Ridley Scott’s depiction of their first meeting shows Josephine sporting the popular coiffure à la victime. She’s also wearing a red ribbon - another staple of the "guillotine aesthetic". The ribbon emphasised where the blade would have landed on a loved one’s exposed neck.
The differences between them - Napoleon, stubbornly clad in his uniform, Josephine impeccably attired in the styles she and her fellow Merveilleuses heralded - is sartorially punctuated.
Newly wedded, Josephine visited Napoleon in Italy where she began what became a lifelong enthusiasm for cameos (a hard or precious gemstone carved with a raised relief, often depicting a person, animal or mythical scene). Attaching pieces to her belts, jewellery and headwear, she sparked a revival of the trend.
Napoleon’s gifts of Kashmiri shawls during his 1798-99 Egyptian campaign turned these garments into coveted luxury staples. A shawl was often included as an item of prestige in the gift basket for affluent 19th-century brides. Josephine boasted over 400 in her personal collection and wears the shawl in several paintings.

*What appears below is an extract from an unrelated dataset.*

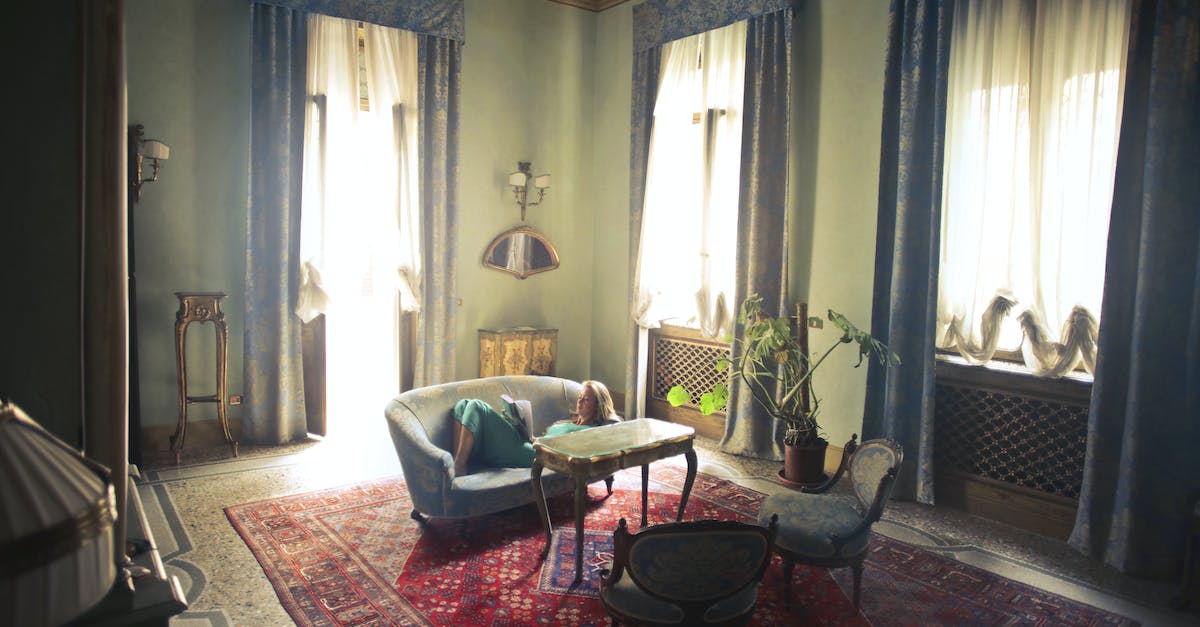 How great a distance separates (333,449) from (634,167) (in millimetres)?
3808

As Empress, she became synonymous with the Empire style, marked by high-waisted dresses with tiny sleeves. White remained her preferred colour for dresses, its pale aesthetic often contrasted with a red Kashmiri shawl.
Napoleon relied on Josephine’s sartorial influence: what his wife wore, he knew, would be replicated. The fabric of her dresses changed, from the English cotton muslin she wore as a Merveilleuse to Lyonnais silk satin brocade. Her fashion choices were not only personal, they were strategic, stimulating the French luxury industry and contributing to the post-revolutionary national economy.
In 1810, after 14 years of marriage with no offspring, Napoleon and Josephine divorced. Josephine retreated to her beloved Malmaison, a country chateau outside of Paris, where she continued to receive flocks of guests and admirers until her death in 1814.
"You want to be great, but you are nothing without me," Josephine tells Napoleon in the trailer. An apt sentiment, perhaps, for a woman whose fashion sense is imbued with historical significance and endures in cultural relevance to this day.